» **Problem**
Using the data that follows, say how many lines contain the word "Sale", giving the number by itself.

» **Records for this task**
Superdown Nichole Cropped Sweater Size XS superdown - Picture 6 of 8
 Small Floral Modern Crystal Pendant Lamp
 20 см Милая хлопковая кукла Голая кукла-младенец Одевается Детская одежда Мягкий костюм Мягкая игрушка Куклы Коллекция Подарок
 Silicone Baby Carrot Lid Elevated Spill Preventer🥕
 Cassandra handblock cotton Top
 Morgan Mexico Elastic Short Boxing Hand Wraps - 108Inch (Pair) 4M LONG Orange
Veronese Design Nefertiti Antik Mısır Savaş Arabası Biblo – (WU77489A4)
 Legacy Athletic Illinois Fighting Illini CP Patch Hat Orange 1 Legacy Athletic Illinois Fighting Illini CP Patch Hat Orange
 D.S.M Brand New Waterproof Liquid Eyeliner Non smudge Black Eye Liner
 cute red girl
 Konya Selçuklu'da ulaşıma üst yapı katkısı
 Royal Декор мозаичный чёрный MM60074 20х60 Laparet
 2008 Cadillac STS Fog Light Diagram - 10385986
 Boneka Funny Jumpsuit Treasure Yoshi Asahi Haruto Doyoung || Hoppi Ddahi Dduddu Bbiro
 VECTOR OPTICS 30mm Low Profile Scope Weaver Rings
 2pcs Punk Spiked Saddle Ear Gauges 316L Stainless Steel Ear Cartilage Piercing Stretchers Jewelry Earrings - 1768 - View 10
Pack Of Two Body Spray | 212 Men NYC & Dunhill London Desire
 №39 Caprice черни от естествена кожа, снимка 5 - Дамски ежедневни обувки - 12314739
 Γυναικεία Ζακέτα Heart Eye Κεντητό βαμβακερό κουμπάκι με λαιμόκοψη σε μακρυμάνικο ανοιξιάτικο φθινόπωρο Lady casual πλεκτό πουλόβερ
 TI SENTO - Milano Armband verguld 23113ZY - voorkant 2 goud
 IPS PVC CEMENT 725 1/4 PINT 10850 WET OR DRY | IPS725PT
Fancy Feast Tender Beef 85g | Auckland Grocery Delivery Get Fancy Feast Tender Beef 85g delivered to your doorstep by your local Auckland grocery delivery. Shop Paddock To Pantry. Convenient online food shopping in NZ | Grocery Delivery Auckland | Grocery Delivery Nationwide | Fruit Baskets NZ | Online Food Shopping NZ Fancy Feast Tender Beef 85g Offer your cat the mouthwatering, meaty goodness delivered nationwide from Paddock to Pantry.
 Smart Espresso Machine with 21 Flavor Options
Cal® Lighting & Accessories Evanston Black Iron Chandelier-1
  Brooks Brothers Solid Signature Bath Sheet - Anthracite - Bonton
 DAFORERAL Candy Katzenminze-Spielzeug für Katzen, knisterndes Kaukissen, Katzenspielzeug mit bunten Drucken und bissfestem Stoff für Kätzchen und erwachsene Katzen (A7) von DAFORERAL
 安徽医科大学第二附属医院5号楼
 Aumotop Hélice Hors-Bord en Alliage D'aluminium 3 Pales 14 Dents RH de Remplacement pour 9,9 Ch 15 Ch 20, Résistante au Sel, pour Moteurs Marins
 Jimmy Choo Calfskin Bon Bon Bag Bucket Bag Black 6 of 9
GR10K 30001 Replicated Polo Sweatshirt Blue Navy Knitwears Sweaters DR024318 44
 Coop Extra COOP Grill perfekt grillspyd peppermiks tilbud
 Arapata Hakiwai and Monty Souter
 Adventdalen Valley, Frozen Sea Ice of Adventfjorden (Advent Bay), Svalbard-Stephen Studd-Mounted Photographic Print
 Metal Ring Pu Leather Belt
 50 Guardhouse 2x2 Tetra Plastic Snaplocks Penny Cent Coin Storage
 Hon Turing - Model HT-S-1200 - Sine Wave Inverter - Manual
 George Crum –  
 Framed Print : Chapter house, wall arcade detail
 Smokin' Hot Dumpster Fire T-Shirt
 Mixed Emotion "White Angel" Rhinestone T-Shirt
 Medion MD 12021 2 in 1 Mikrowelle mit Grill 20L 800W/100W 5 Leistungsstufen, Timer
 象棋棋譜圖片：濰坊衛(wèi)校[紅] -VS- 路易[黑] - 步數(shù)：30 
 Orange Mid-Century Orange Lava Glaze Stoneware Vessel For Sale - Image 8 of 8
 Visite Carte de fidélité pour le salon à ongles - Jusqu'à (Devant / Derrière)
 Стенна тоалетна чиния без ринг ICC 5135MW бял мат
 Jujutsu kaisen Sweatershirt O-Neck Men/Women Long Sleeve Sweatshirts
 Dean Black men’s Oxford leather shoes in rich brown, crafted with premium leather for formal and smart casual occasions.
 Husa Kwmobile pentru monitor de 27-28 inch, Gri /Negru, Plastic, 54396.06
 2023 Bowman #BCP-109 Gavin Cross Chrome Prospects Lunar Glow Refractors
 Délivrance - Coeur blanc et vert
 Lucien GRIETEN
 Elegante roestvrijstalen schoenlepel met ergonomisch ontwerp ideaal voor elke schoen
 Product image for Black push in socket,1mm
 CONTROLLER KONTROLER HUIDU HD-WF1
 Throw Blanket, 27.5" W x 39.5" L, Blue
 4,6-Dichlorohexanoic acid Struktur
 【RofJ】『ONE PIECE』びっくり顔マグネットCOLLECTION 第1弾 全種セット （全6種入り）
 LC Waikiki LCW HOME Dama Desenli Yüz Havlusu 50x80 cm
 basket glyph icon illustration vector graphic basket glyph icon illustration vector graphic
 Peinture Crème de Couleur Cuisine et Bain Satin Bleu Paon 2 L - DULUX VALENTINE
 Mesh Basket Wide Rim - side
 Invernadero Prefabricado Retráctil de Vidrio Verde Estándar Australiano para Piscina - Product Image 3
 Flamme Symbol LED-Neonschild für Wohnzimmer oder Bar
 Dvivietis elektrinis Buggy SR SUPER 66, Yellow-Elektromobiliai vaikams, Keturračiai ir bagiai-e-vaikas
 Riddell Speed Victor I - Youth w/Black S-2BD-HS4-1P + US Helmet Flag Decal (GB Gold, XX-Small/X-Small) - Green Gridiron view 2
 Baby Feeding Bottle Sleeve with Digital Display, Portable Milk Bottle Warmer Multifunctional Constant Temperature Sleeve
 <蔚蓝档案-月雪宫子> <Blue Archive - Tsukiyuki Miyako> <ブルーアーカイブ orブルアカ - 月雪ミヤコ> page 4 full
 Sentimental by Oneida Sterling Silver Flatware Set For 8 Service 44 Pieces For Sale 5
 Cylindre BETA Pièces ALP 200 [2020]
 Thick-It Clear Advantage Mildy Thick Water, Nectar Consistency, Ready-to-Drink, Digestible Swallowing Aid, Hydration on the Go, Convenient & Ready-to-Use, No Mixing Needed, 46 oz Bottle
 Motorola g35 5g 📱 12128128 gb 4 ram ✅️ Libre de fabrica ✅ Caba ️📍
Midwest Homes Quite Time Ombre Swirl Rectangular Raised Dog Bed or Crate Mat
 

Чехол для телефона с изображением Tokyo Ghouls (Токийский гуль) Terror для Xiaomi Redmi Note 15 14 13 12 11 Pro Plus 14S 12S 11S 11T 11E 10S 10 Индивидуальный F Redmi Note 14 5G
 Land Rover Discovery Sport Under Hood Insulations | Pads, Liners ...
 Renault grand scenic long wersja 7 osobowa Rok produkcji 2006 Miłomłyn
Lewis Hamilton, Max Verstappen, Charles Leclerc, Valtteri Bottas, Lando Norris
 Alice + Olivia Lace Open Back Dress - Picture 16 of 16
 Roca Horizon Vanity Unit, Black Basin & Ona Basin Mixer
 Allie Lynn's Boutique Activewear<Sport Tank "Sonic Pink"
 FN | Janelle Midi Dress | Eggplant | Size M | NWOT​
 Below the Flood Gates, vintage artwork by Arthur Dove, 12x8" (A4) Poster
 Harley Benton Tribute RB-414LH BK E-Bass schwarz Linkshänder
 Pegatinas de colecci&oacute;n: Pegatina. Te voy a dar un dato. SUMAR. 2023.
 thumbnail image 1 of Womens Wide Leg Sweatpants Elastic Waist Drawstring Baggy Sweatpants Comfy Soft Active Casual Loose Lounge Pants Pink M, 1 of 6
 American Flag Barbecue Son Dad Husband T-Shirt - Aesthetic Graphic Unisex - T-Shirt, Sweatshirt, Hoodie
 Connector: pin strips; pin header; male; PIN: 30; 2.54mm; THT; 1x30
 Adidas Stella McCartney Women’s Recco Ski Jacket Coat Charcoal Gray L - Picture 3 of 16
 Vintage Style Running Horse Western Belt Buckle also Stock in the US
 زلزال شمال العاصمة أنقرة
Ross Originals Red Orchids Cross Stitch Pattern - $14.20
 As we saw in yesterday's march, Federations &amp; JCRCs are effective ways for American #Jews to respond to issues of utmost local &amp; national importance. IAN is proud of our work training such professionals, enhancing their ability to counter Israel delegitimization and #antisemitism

» **Your response**
2